I can't see it being the size of a lawnmower for any agricultural tractor, nor do I see it as a self managing tractor (yet) there are too many variables that require human intervention.


----------



## dvcochran (Oct 1, 2017)

slowzuki said:


> Again, the claim that windmills produce less energy than they take to build is incorrect.


Partly true. The initial cost of $2 million per MW takes an average 22 years to pay back for a commercial utility scale unit. This does Not include maintenance and repair cost which is still an unestablished number but it is a Big number.

One unit suffering catastrophic failure can make an entire wind farm become upside down for the entire expected lifecycle.


----------



## slowzuki (Mar 8, 2011)

Payback time depends completely what market you're located in. In markets with high energy costs or with a premium for renewables turbines are paying for themselves much faster than that. The ones with high availability do well too.

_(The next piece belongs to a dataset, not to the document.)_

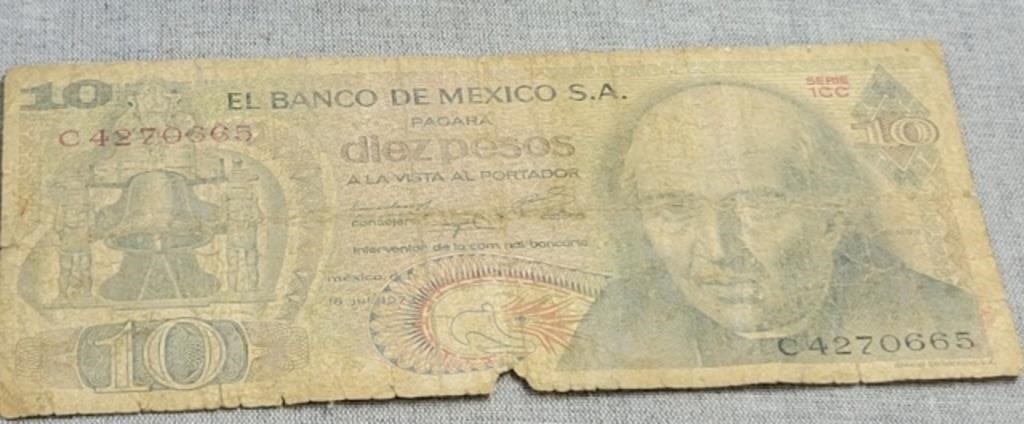 Banknote, Mexico 10 pesos bill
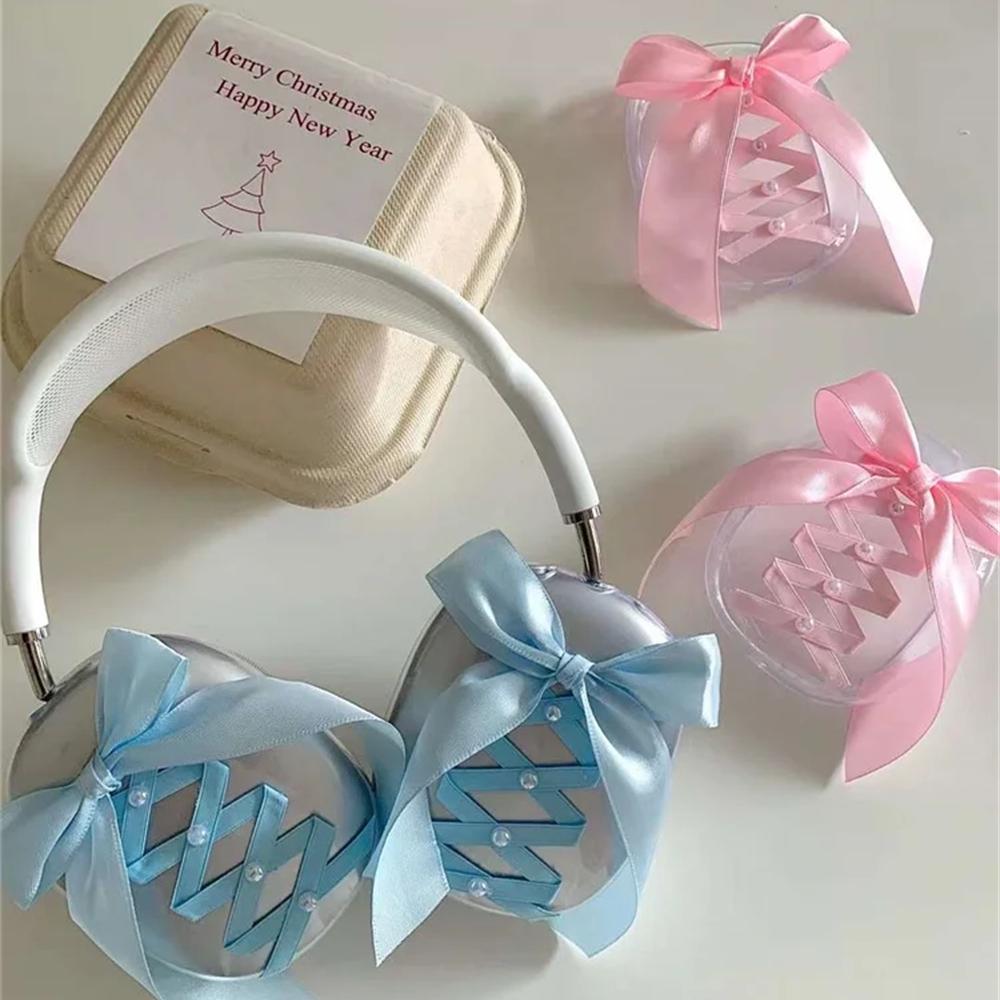 Koreański Uroczy Perłowy Y2K Różowa Wstążka Kokardka Na Etui Airpods Max Silikonowy Przezroczysty Pokrowiec Ochronny Etui Na Słuchawki Akcesoria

The trendy green ego projects of sticking turbines in unsuitable locations with poor markets are much, much worse than your numbers dragging averages down.



dvcochran said:


> Partly true. The initial cost of $2 million per MW takes an average 22 years to pay back for a commercial utility scale unit. This does Not include maintenance and repair cost which is still an unestablished number but it is a Big number.
> 
> One unit suffering catastrophic failure can make an entire wind farm become upside down for the entire expected lifecycle.


----------



## dvcochran (Oct 1, 2017)

slowzuki said:


> Payback time depends completely what market you're located in. In markets with high energy costs or with a premium for renewables turbines are paying for themselves much faster than that. The ones with high availability do well too.
> 
> The trendy green ego projects of sticking turbines in unsuitable locations with poor markets are much, much worse than your numbers dragging averages down.


In the same fashion the ego projects are affecting payback. Loss is loss. I would more believe only a select few farms are truly profitable.

When the startup cost is flattened (with economics/politics or tech, etc...) it will get much better. I do think it is part of our future. Is it a fossil fuel replacement? Not by a long shot, yet.


----------



## Farmineer95 (Aug 11, 2014)

Cash flow on average is certainly a valid point, but I had the motive in mind and the results of the motive. Initial push is to reduce daily carbon emissions, reduce carbon footprint. All the material and construction processes emit carbon. I’d like to know the carbon cost of one operating wind turbine. When all the fossil fuels are “outlawed” and vehicles are then electric, the energy still needs a source. The initial motive is to reduce carbon footprint, but now we need more electricity, and updates to the grid. I’m not convinced it was thought through. We can’t just plug everything in and expect it to work with more changes.


----------